• _EXERCISE REQUIREMENTS_
Copying exactly, give the lines in the material below from the one with "Set In Green" to the one with "Vintage 10K Gold", ends included, and nothing besides.

• _THE DATA_
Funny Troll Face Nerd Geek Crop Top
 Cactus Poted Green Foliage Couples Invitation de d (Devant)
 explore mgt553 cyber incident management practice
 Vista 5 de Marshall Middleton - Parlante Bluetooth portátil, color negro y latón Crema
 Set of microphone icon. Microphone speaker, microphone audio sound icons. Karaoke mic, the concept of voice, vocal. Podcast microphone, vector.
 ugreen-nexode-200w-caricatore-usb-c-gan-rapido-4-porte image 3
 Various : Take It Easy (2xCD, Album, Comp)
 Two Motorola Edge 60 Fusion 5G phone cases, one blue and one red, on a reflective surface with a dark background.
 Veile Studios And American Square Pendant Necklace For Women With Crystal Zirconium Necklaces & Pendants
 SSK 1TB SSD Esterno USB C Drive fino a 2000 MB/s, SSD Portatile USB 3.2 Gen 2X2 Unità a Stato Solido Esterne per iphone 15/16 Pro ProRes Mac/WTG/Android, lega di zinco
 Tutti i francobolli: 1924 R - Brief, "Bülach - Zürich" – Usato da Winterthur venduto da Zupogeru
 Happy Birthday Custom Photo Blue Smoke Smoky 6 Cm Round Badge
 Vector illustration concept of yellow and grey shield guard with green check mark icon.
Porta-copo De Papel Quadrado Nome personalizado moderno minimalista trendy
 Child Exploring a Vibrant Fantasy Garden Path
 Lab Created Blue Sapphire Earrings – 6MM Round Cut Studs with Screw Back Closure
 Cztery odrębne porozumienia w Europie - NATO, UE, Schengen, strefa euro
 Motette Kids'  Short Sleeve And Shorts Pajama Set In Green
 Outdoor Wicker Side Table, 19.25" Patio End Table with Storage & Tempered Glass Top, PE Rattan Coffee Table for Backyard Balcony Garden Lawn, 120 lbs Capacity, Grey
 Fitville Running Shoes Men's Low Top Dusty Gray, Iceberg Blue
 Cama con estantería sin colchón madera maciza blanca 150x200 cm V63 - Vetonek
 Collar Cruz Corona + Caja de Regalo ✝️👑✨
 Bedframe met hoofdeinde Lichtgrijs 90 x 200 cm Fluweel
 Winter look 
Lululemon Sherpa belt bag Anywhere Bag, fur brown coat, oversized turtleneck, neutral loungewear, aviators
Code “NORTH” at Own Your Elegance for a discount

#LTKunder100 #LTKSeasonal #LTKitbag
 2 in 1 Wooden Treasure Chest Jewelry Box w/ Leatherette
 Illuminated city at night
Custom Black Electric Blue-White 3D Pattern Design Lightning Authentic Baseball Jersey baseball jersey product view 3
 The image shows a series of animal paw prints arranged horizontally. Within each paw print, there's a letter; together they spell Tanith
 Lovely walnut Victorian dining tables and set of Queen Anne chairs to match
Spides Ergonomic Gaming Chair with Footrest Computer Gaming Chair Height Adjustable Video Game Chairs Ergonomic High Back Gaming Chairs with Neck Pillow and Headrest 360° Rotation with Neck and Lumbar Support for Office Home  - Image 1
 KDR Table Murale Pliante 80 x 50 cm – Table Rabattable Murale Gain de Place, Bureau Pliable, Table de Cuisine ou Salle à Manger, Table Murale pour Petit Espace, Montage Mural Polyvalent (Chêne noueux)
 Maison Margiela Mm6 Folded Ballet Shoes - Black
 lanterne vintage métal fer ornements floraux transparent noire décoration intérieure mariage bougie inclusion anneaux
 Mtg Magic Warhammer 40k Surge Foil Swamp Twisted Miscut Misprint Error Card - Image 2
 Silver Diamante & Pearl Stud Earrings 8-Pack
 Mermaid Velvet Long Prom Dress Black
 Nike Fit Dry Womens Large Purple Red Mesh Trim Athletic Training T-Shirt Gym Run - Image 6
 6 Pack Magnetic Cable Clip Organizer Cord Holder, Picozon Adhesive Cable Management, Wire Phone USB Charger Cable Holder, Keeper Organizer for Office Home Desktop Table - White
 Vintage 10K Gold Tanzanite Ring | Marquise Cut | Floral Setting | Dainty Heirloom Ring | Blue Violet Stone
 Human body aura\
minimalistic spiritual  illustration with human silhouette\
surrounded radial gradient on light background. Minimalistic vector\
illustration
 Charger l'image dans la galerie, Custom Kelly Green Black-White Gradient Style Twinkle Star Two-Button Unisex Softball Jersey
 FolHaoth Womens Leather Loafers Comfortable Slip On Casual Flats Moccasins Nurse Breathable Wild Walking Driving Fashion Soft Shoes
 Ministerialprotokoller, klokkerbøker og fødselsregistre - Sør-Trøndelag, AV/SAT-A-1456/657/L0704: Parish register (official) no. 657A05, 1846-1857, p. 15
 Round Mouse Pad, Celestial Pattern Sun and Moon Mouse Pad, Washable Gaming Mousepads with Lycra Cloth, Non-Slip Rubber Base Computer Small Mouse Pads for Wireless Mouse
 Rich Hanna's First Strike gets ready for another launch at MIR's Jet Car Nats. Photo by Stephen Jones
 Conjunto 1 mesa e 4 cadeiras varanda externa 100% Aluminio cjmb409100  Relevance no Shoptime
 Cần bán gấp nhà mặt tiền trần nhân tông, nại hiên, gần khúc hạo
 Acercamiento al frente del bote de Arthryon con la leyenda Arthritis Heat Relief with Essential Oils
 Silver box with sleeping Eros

• _WRITTEN ANSWER_
 Motette Kids'  Short Sleeve And Shorts Pajama Set In Green
 Outdoor Wicker Side Table, 19.25" Patio End Table with Storage & Tempered Glass Top, PE Rattan Coffee Table for Backyard Balcony Garden Lawn, 120 lbs Capacity, Grey
 Fitville Running Shoes Men's Low Top Dusty Gray, Iceberg Blue
 Cama con estantería sin colchón madera maciza blanca 150x200 cm V63 - Vetonek
 Collar Cruz Corona + Caja de Regalo ✝️👑✨
 Bedframe met hoofdeinde Lichtgrijs 90 x 200 cm Fluweel
 Winter look 
Lululemon Sherpa belt bag Anywhere Bag, fur brown coat, oversized turtleneck, neutral loungewear, aviators
Code “NORTH” at Own Your Elegance for a discount

#LTKunder100 #LTKSeasonal #LTKitbag
 2 in 1 Wooden Treasure Chest Jewelry Box w/ Leatherette
 Illuminated city at night
Custom Black Electric Blue-White 3D Pattern Design Lightning Authentic Baseball Jersey baseball jersey product view 3
 The image shows a series of animal paw prints arranged horizontally. Within each paw print, there's a letter; together they spell Tanith
 Lovely walnut Victorian dining tables and set of Queen Anne chairs to match
Spides Ergonomic Gaming Chair with Footrest Computer Gaming Chair Height Adjustable Video Game Chairs Ergonomic High Back Gaming Chairs with Neck Pillow and Headrest 360° Rotation with Neck and Lumbar Support for Office Home  - Image 1
 KDR Table Murale Pliante 80 x 50 cm – Table Rabattable Murale Gain de Place, Bureau Pliable, Table de Cuisine ou Salle à Manger, Table Murale pour Petit Espace, Montage Mural Polyvalent (Chêne noueux)
 Maison Margiela Mm6 Folded Ballet Shoes - Black
 lanterne vintage métal fer ornements floraux transparent noire décoration intérieure mariage bougie inclusion anneaux
 Mtg Magic Warhammer 40k Surge Foil Swamp Twisted Miscut Misprint Error Card - Image 2
 Silver Diamante & Pearl Stud Earrings 8-Pack
 Mermaid Velvet Long Prom Dress Black
 Nike Fit Dry Womens Large Purple Red Mesh Trim Athletic Training T-Shirt Gym Run - Image 6
 6 Pack Magnetic Cable Clip Organizer Cord Holder, Picozon Adhesive Cable Management, Wire Phone USB Charger Cable Holder, Keeper Organizer for Office Home Desktop Table - White
 Vintage 10K Gold Tanzanite Ring | Marquise Cut | Floral Setting | Dainty Heirloom Ring | Blue Violet Stone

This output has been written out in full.